Tons of Love from Joan
A postcard depicting a black and white photograph of three men with a statue of a bull and the text "Nandi Scared Bull, Benares". The postcard has a handwritten letter on the reverse which reads "Darling Ma / Haven't heard from you ...", and it is signed "Tons of Love from Joan". The postcard is addressed to "Mrs John Richmond / Toorak 3 E2 / Victoria / Australia", and it is postmarked "29 OCT 31."
The Joan Richmond collection consists of items related to the motor racing career of Joan Richmond. These include a racing suit, goggles, a trophy, number plates, a personal journal, letters, photographs and newspaper clippings.

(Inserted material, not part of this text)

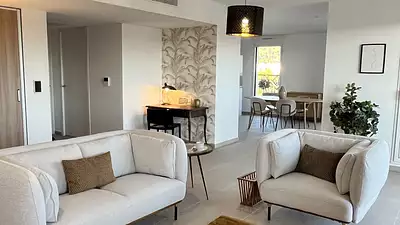 Dernier 4 pièces à 12 min du cours Mirabeau **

Joan Richmond (1905-1999) was a successful racing car driver at a time when women racing drivers were not only a rarity, but competed in the same events as men. Richmond's first major event was the 1931 Australian Grand Prix at Phillip Island in which she drove a Riley and placed a creditable fifth. Shortly after, Richmond and four friends embarked on an overland journey from Australia to Europe in order to compete in the Monte Carlo rally. This journey is credited as the first international overland tour to have originated from Australia. Following the group's successful completion of the rally, Victor Riley offerd to sponsor Richmond and in 1932, she supported the English racing car driver, Elsie Wisdom, to win the 1000 Mile Race at Brooklands. Throughout the 1930s, Richmond stayed in England and competed in more motor racing events, including several Monte Carlo rallies and the Le Mans 24 Hour race. She returned to Australia in the 1940s but was unable to continue her motor racing career due to a lack of money and sponsorship. Joan Richmond died in Melbourne in 1999.